TASK ITEM »
Give back the line that contains "this 640×480 image." and every following line, exactly as they appear, through the end of the data.

THE DATA »
━━━━━━━━━━━━━━━━━━━━
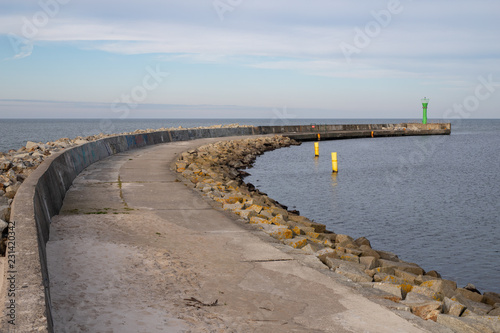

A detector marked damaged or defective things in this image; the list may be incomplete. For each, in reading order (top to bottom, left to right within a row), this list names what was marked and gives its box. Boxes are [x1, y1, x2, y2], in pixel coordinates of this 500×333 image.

cracked concrete surface [47, 136, 430, 330]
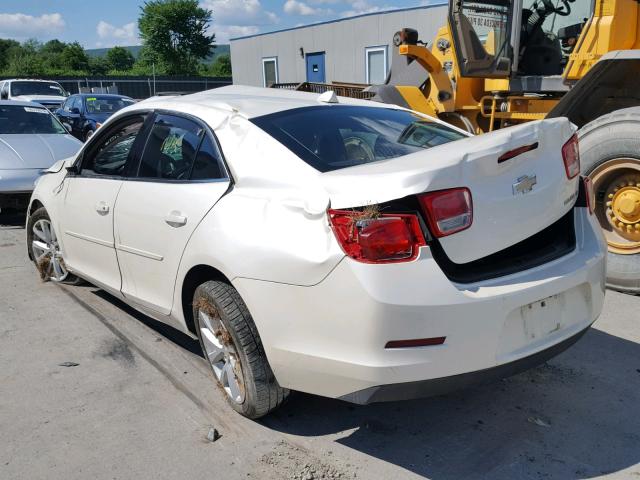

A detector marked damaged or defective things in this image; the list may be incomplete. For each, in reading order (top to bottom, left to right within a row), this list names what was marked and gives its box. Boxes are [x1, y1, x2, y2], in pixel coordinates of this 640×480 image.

broken taillight lens [560, 133, 580, 178]
damaged white car [25, 86, 604, 416]
broken taillight lens [328, 209, 428, 262]
broken taillight lens [418, 188, 472, 239]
━━━━━━━━━━━━━━━━━━━━
ANSWER BELOW »
A detector marked damaged or defective things in this image; the list may be incomplete. For each, in reading order (top to bottom, left to right within a row), this list names what was marked and gives its box. Boxes are [x1, y1, x2, y2], in pixel coordinates of this 640×480 image.

broken taillight lens [560, 133, 580, 178]
damaged white car [25, 86, 604, 416]
broken taillight lens [328, 209, 428, 262]
broken taillight lens [418, 188, 472, 239]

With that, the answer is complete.